RE: Neutrinos still travel faster than light
November 19, 2011 at 2:11 pm
(This post was last modified: November 19, 2011 at 2:53 pm by little_monkey.)
(November 19, 2011 at 12:19 pm)IATIA Wrote:Stephanie Pappas, LiveScience Senior Writer Wrote:If the neutrinos are actually going faster than light, though, it might be possible to use them to communicate with the past, Lloyd (Seth Lloyd, a physicist at the Massachusetts Institute of Technology) said. You could send off a faster-than-light message to someone moving at a rapid velocity with respect to you. They could then bounce the faster-than-light message back, and it would arrive before the signal you sent to them.
Yes, that's correct, but it's not that you could travel to the past and change it as in the Grandfather_paradox.

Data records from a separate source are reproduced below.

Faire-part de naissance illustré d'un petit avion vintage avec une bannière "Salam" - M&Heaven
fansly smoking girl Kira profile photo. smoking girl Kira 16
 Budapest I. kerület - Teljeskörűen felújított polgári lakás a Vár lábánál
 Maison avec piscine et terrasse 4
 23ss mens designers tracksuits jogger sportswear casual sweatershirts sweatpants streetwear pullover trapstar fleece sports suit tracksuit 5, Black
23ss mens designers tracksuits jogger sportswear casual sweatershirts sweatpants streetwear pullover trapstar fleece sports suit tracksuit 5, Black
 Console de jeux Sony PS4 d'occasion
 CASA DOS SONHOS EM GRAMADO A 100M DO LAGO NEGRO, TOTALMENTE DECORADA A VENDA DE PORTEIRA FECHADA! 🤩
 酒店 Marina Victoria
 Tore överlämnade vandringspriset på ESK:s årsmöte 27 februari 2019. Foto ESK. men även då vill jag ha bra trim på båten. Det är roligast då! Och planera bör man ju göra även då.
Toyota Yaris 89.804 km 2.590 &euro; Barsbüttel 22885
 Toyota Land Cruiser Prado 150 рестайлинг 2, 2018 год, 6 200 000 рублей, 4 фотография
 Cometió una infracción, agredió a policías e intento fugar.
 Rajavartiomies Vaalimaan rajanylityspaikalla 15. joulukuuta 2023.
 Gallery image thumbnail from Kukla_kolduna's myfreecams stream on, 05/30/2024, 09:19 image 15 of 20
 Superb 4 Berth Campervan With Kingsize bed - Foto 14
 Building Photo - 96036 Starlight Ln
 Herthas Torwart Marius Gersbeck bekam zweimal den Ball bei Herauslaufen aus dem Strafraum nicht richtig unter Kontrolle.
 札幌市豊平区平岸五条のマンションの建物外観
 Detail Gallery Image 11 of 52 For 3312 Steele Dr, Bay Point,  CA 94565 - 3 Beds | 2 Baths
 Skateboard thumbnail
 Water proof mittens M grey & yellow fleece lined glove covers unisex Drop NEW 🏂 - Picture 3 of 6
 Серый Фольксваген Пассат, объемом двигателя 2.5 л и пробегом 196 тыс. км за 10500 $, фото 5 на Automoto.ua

As pointed out in another thread ( see: http://atheistforums.org/thread-8674-page-6.html), that van Elburg had pinpointed the error, here's another paper that reaffirms the van Elburg's finding:
Quote:Conclusion
Our calculation above is a corrected version of van Elburg’s idea and explains why there is an approximately 60 ns difference in the arrival time of neutrinos and what is expected based on the speed of light.The problem lies in the method used to synchronize and set the clocks – there is nothing specifically wrong with using GPS atomic clocks, even for synchronization, except that the clocks should not be set to follow the GPS clock after the point of synchronization. This is unfortunately what happens with the PolaRx2e receivers used as the time-bases in the set-up. If, instead, the Cs4000 clock were the only clocks used, this result would not appear.